[Scraped caption text data]

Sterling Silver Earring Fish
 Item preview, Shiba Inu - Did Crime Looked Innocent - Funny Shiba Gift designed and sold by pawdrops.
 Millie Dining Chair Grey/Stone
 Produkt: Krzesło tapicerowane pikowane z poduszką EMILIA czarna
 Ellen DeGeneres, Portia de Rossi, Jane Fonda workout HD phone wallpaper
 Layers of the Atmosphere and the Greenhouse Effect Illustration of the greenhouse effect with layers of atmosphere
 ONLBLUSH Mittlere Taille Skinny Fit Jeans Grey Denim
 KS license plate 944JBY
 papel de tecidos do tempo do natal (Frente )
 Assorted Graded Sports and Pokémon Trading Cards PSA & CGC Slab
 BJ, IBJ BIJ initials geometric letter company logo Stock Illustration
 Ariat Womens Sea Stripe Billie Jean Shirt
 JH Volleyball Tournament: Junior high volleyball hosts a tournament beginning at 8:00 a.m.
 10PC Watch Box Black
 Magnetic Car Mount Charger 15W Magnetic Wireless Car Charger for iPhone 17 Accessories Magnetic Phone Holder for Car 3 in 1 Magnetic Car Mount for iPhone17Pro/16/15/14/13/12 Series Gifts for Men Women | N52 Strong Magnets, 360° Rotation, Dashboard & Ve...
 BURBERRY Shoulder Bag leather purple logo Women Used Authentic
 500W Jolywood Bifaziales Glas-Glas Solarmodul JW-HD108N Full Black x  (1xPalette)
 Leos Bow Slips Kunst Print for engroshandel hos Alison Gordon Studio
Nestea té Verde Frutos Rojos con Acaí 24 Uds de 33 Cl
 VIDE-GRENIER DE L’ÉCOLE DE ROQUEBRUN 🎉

**What you have to do:** The requested lines run from the one with "KS license plate 944JBY" through the last line of the records. Return them exactly.

**Result of this task:**
 KS license plate 944JBY
 papel de tecidos do tempo do natal (Frente )
 Assorted Graded Sports and Pokémon Trading Cards PSA & CGC Slab
 BJ, IBJ BIJ initials geometric letter company logo Stock Illustration
 Ariat Womens Sea Stripe Billie Jean Shirt
 JH Volleyball Tournament: Junior high volleyball hosts a tournament beginning at 8:00 a.m.
 10PC Watch Box Black
 Magnetic Car Mount Charger 15W Magnetic Wireless Car Charger for iPhone 17 Accessories Magnetic Phone Holder for Car 3 in 1 Magnetic Car Mount for iPhone17Pro/16/15/14/13/12 Series Gifts for Men Women | N52 Strong Magnets, 360° Rotation, Dashboard & Ve...
 BURBERRY Shoulder Bag leather purple logo Women Used Authentic
 500W Jolywood Bifaziales Glas-Glas Solarmodul JW-HD108N Full Black x  (1xPalette)
 Leos Bow Slips Kunst Print for engroshandel hos Alison Gordon Studio
Nestea té Verde Frutos Rojos con Acaí 24 Uds de 33 Cl
 VIDE-GRENIER DE L’ÉCOLE DE ROQUEBRUN 🎉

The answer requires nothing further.